--- Records for the exercise ---

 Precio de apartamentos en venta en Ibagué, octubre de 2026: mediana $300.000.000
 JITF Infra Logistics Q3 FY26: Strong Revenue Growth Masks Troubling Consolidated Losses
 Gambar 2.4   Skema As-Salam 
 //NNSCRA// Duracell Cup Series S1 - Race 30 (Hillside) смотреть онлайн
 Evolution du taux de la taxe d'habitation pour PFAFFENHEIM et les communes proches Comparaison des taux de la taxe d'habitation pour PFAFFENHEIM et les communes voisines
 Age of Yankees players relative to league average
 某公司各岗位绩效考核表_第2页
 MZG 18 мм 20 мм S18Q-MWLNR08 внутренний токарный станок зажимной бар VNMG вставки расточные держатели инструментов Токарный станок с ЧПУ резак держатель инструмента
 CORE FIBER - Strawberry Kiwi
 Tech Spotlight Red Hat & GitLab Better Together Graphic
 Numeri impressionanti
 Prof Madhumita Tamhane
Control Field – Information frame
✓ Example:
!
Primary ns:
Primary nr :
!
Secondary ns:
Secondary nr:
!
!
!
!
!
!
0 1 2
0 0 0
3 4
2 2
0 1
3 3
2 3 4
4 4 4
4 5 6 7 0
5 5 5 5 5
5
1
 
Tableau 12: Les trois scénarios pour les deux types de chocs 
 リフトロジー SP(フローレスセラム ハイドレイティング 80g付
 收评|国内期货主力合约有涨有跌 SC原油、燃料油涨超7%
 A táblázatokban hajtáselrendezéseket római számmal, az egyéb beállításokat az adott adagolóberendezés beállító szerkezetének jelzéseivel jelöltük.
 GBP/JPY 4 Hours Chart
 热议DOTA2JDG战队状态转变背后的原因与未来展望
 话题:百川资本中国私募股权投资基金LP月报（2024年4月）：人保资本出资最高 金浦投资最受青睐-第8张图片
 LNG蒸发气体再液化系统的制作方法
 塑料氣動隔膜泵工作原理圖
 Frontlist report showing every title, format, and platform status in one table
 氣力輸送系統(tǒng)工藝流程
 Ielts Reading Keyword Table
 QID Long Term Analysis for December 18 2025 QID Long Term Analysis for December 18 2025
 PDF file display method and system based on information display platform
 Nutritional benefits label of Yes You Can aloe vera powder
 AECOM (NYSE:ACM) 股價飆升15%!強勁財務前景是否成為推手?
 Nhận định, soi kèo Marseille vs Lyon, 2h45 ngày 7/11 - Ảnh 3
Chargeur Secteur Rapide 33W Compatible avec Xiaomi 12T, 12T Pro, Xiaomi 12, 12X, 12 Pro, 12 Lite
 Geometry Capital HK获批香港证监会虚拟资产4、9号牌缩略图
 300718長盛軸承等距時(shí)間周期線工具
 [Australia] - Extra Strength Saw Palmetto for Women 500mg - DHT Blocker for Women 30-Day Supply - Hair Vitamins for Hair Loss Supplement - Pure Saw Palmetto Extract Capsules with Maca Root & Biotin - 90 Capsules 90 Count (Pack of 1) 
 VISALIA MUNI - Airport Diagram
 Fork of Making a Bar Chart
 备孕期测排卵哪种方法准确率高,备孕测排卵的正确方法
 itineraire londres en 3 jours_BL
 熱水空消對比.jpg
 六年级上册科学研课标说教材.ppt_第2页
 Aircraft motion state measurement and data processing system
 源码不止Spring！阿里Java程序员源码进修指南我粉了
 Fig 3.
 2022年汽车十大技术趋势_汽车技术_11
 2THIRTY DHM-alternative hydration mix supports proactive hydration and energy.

---

● **Directions for this task**
Write out, from the lines above, only those from the line with "Control Field – Information frame" to the line with "源码不止Spring！阿里Java程序员源码进修指南我粉了", exactly as given, including the first and the last.

● **Exercise response**
Control Field – Information frame
✓ Example:
!
Primary ns:
Primary nr :
!
Secondary ns:
Secondary nr:
!
!
!
!
!
!
0 1 2
0 0 0
3 4
2 2
0 1
3 3
2 3 4
4 4 4
4 5 6 7 0
5 5 5 5 5
5
1
 
Tableau 12: Les trois scénarios pour les deux types de chocs 
 リフトロジー SP(フローレスセラム ハイドレイティング 80g付
 收评|国内期货主力合约有涨有跌 SC原油、燃料油涨超7%
 A táblázatokban hajtáselrendezéseket római számmal, az egyéb beállításokat az adott adagolóberendezés beállító szerkezetének jelzéseivel jelöltük.
 GBP/JPY 4 Hours Chart
 热议DOTA2JDG战队状态转变背后的原因与未来展望
 话题:百川资本中国私募股权投资基金LP月报（2024年4月）：人保资本出资最高 金浦投资最受青睐-第8张图片
 LNG蒸发气体再液化系统的制作方法
 塑料氣動隔膜泵工作原理圖
 Frontlist report showing every title, format, and platform status in one table
 氣力輸送系統(tǒng)工藝流程
 Ielts Reading Keyword Table
 QID Long Term Analysis for December 18 2025 QID Long Term Analysis for December 18 2025
 PDF file display method and system based on information display platform
 Nutritional benefits label of Yes You Can aloe vera powder
 AECOM (NYSE:ACM) 股價飆升15%!強勁財務前景是否成為推手?
 Nhận định, soi kèo Marseille vs Lyon, 2h45 ngày 7/11 - Ảnh 3
Chargeur Secteur Rapide 33W Compatible avec Xiaomi 12T, 12T Pro, Xiaomi 12, 12X, 12 Pro, 12 Lite
 Geometry Capital HK获批香港证监会虚拟资产4、9号牌缩略图
 300718長盛軸承等距時(shí)間周期線工具
 [Australia] - Extra Strength Saw Palmetto for Women 500mg - DHT Blocker for Women 30-Day Supply - Hair Vitamins for Hair Loss Supplement - Pure Saw Palmetto Extract Capsules with Maca Root & Biotin - 90 Capsules 90 Count (Pack of 1) 
 VISALIA MUNI - Airport Diagram
 Fork of Making a Bar Chart
 备孕期测排卵哪种方法准确率高,备孕测排卵的正确方法
 itineraire londres en 3 jours_BL
 熱水空消對比.jpg
 六年级上册科学研课标说教材.ppt_第2页
 Aircraft motion state measurement and data processing system
 源码不止Spring！阿里Java程序员源码进修指南我粉了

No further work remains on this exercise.